Por Fernanda Pestana
Vestígios do passado, indicadores do futuro… Camadas sedimentares se adensam nos testemunhos coletados no solo para estudos paleoclimáticos e paleoambientais. São muitas as variáveis (coloração, densidade, teor de água, composições químicas, etc) que dão aos cientistas pistas de um passado milenar e permitem revisitar os ecossistemas sedimentados no tempo que se acumula na superfície terrestre. A partir deste passado que se desenha pela análise das camadas sobrepostas, é possível encontrar ainda indícios para um modelo climático futuro.
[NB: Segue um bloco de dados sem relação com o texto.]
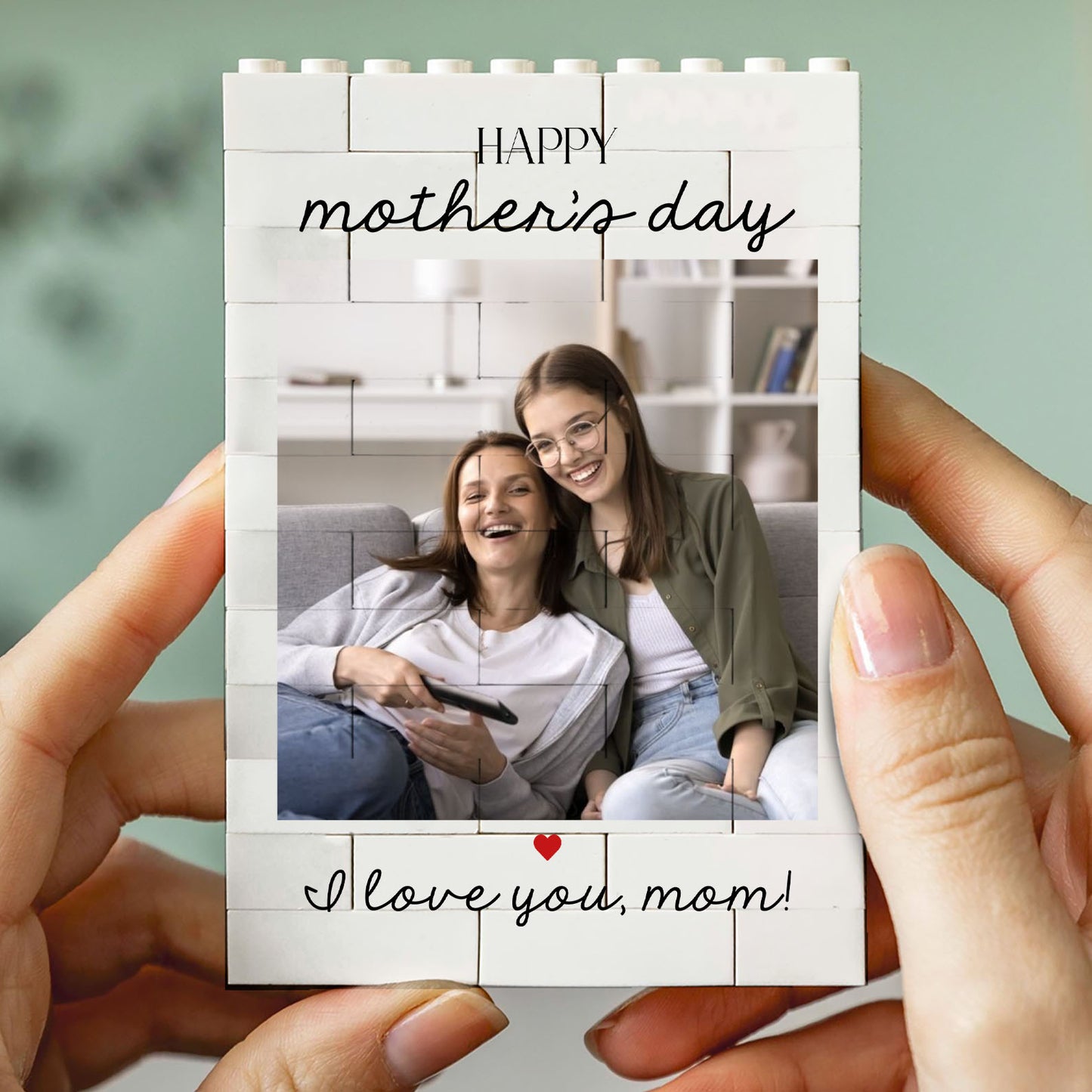 Custom Photo Building Brick Blocks | Personalized Gift for Mom | Mother's Day Gift 684600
Na tese Incêndios florestais e mudanças ambientais na Amazônia Sul. Comparativo entre alterações recentes e registros paleoclimáticos, defendida pela Universidade Federal Fluminense (UFF), o autor Renato de Aragão Ribeiro Rodrigues (coordenador da Sub-rede de Agricultura da Rede CLIMA) busca, nos testemunhos coletados, informações sobre a frequência e a intensidade de incêndios na Floresta Amazônica, na região de Alta Floresta (norte do Estado de Mato Grosso) e no Lago do Saci (sul do Pará). Apesar de os locais de coleta serem bem próximos (aproximadamente 100 km de distância entre Alta Floresta e o Lago do Saci), o que diferencia as regiões é a ação antrópica, que se intensifica na década de 1980 em Alta Floresta com a exploração mineral, agropecuária e madeireira, em contraste com o Lago do Saci, que permanece preservado. Os testemunhos coletados no Lago do Saci dão pistas de uma Amazônia desde 30 mil anos atrás. Neles, a argila subterrânea gera fatias de tempo, camadas de cores de fogo, água e vegetação que datam os acontecimentos climáticos da região. A argila “recentemente” escurecida denuncia a intensificação da presença do carvão e as queimadas na floresta em escala milenar. A tese faz uma comparação com os testemunhos coletados na região de Alta Floresta, analisando, em uma escala de 3 décadas (de 1975 a 2008), os impactos das mudanças no uso da terra, e constatando uma frequência muito maior e mais acelerada de incêndios na região em relação à análise milenar do Lago do Saci que não sofreu as mesmas alterações.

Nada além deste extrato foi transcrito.